I know this is the time of the year when monetary overindulgence kicks in, malls and shopping centers are packed to capacity 24hrs a day, and people who stayed hidden the rest of the year try to navigate the insanity along with everyone else and their brother. With ‘Black Friday’ sales on everything from cars to toilet tissue, it’s no surprise—and honestly, I’ve grown used to it. I don’t like it, but I’m used to it.
But there is something else in the air. Old flames are resurfacing (not from my personal life, but around me.) Other people seem to feel the need to re-connect, re-kindle, apologize, clear the air, and a number of other ‘choice’ interactions.
I’ve been in the military for over a decade, so I have seen first-hand how hard the holidays can be on people—especially those far away from their loved ones. Those aren’t the folks I’m talking about. I’m talking about the ones who one time a year decide they need to be concerned with righting wrongs, asking forgiveness for old mishaps, and trying to be better people (or something like that, anyway.)
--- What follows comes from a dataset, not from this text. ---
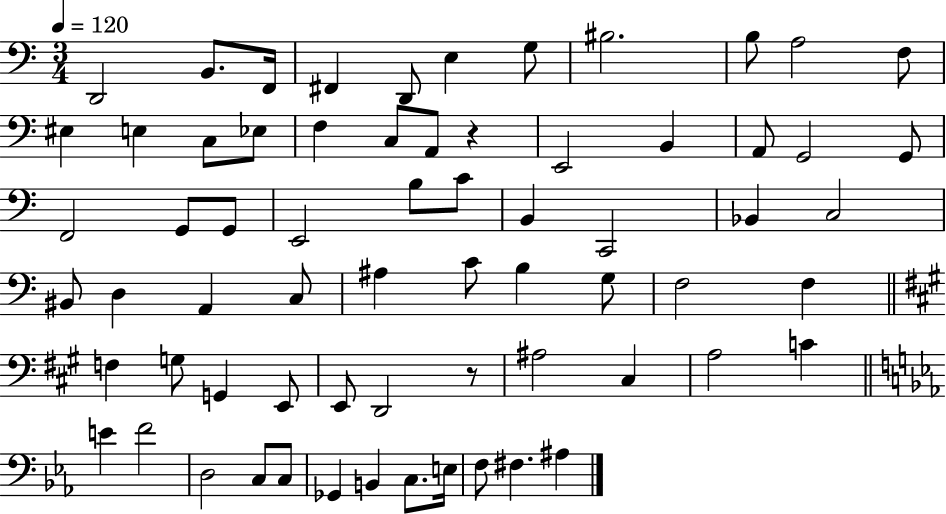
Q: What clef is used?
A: bass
Maybe I’m being too cynical, but I would think that if one really wanted to better themselves or begin leading a better life by righting old wrongs, they would make an effort to do so all year, not just during ‘family-based’ holidays. It’s like trying to make Santa’s good list two weeks before the jolly old man makes his rounds or praying for forgiveness when you feel death’s breath on your shoulder. I’m pretty sure it doesn’t work like that.
I’m certainly not a heartless individual, so I would never make harsh judgment when it pertains to depression—it’s a very real and concerning infliction, especially during the holiday season. But is that all this is? One has no choice but to stop and think about their mistakes and not having certain people in their lives anymore during the holidays? It seems counter-productive to me to act on these urges like this.
Perhaps the un-written requirement to turn our focus inward, looking for things to be thankful for becomes overwhelming. Maybe the expectation to give gifts or be generous to those lacking causes emotional outpourings to take form when they are largely stoppered throughout the rest of the year.